Market stall poet and father

Hitsch is the Grisons short form of his first name Christian. He felt comfortable as a sock seller. People loved him. “Han Hosaträger, warmi Socka, Unterboxa for Drufhocka, Hempar for billiga Priisa, han offa bi Föön and Biisa, even when it rains and snows, I am advised for the Chunda,” he used to say.

He was a market stall poet. In quiet moments he watched the chamois [the mountain goat-antelopes] with a field glasses. Throughout his life he remained enthusiastic about HC Davos [the local hockey club]. The Swiss flag fluttered daily at his booth. Next to it was the pirate flag.

Christian Zwicky has now passed away at the age of 81. After a short illness, he fell asleep peacefully, the obituary says. He leaves behind a daughter and two grandchildren.

Socka Hitsch at his stand in 2017, as he was closing it down:


Notes on Landquart. From Wikipedia on the town:

Landquart is a municipality in the Landquart Region in the Swiss canton of Graubünden. It was formed when the municipalities of Igis and Mastrils merged on 1 January 2012 into the new municipality of Landquart. The municipality “Landquart” draws its name from a locality in the former municipality of Igis.

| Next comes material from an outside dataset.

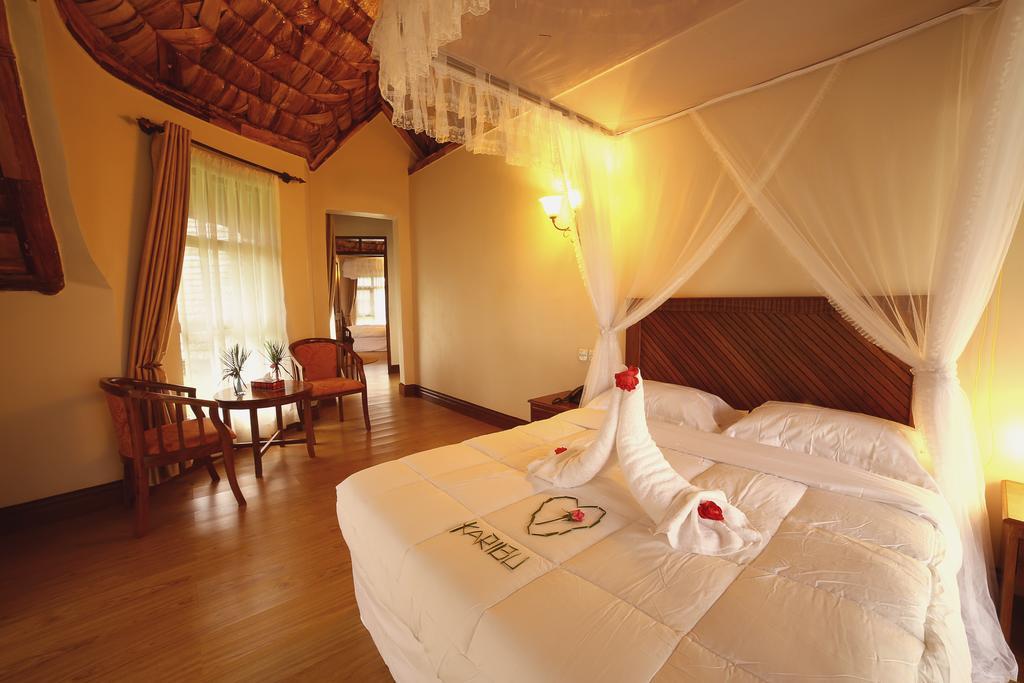 Farm Of Dreams Lodge Karatu Rom bilde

Igis is first mentioned about 840 as Ovinae/Aviuns. In 1149 it was mentioned as Auuine, in 1225 as Huiuns and in 1253 as Yges. Mastrils is first mentioned in 1318 as Ponstrils. In 1345 it was mentioned as Bastrils.

(Like Landquart, most places in Switzerland have a known history going back about one millennium.)

From Wikipedia on the region:

Landquart Region is one of the eleven administrative districts in the canton [roughly, province or state] of Graubünden in Switzerland. [by far the largest, with a population of 8,889 as of 12/31/18]

Note the size of the region. And compare this to information from the Niche site on Palo Alto’s University South neighborhood (where I live):

University South is a neighborhood in Palo Alto, California with a population of 8,691. University South is in Santa Clara County and is one of the best places to live in California. Living in University South offers residents a dense urban feel and most residents rent their homes. In University South there are a lot of restaurants, coffee shops, and parks. Many young professionals and retirees live in University South and residents tend to be liberal. The public schools in University South are highly rated.

Note on Archyde.The news service source of the Socka Hitsch story above. I haven’t been able to find any information about where it’s published or by whom. Apparently it’s published only in English — English that’s generally excellent but detectably non-native. The many Swiss-local references in the story above (some of which I’ve tried to explain) suggest that it originates in Switzerland, in fact Germanophone Switzerland. But that’s all I know.